OFFTA, festival d’arts vivants
Ghinwa Yassine
The OFFTA is a festival dedicated to emerging and avant-garde creation in the live arts. Created on the fringes of the Festival TransAmériques (FTA), the OFFTA showcases creators whose singular and committed approaches lay the groundwork for new artistic currents. The festival aims to decategorize contemporary artistic practices and their respective audiences. It presents and produces events that challenge established norms and question modes of representation, fostering collaboration and collective experiences.
Content Warning
Psychological violence
Themes of war
Sexual themes
This performance is aimed at an adult audience.
Ghinwa Yassine
Seeing Double
This apocalyptic performance takes place in a bed bathed in pastel light. In this soft, cushioned oasis flows the stream of consciousness of a woman traversed by multiple narratives: that of war destroying the village where her family lives in Lebanon, that of a curiosity for extraterrestrial life forms, and that of a human activist, lover, and dreamer. On her body resting in a lycra bodysuit, countless encounters, fantasies and memories overlap in misty layers. The mundane meets the unspeakable, domesticity, sensuality, and horror. Like a lucid dream, Seeing Double navigates with tenderness humour and absurdity, fiction and lived experience. An immersive dive into the coexistence of the intimate and the political, it reveals the reflections that glisten between proximities and distances.

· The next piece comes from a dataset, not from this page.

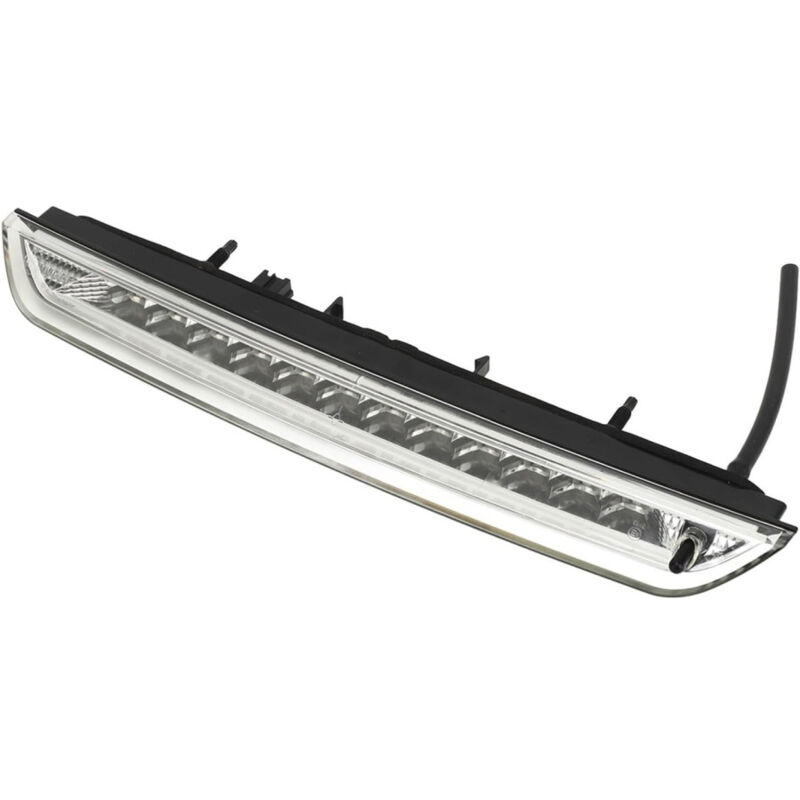 Univcar - Feu stop additionnel arrière transparent Picasso C4 508 308 6351.LX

Concept, performance and direction Ghinwa Yassine
Co-creation, dramaturgical consulting and rehearsal direction Aryo Khakpour
Technical direction and sound design Arman Paxad
With the support of The British Columbia Arts Council
Special thanks to Odd Meridian
Video Edwin El Bainou
Ghinwa Yassine is a Lebanese-Canadian anti-disciplinary artist based on the unceded territories of the Musqueam, Squamish and Tsleil-Waututh peoples. Her intermedia practice includes film, installation, performance, sound, text, drawing, and sculpture. Drawing on feminist and queer theories, neuroscience, politics and ancient history, she aspires to a radical historicization of individual and collective experiences, where embodied memories manifest through narrative, ritual, and gesture. She is interested in the liminal space between the embodiment of an activist and that of a “Barbie” — in this case, a belly dancer.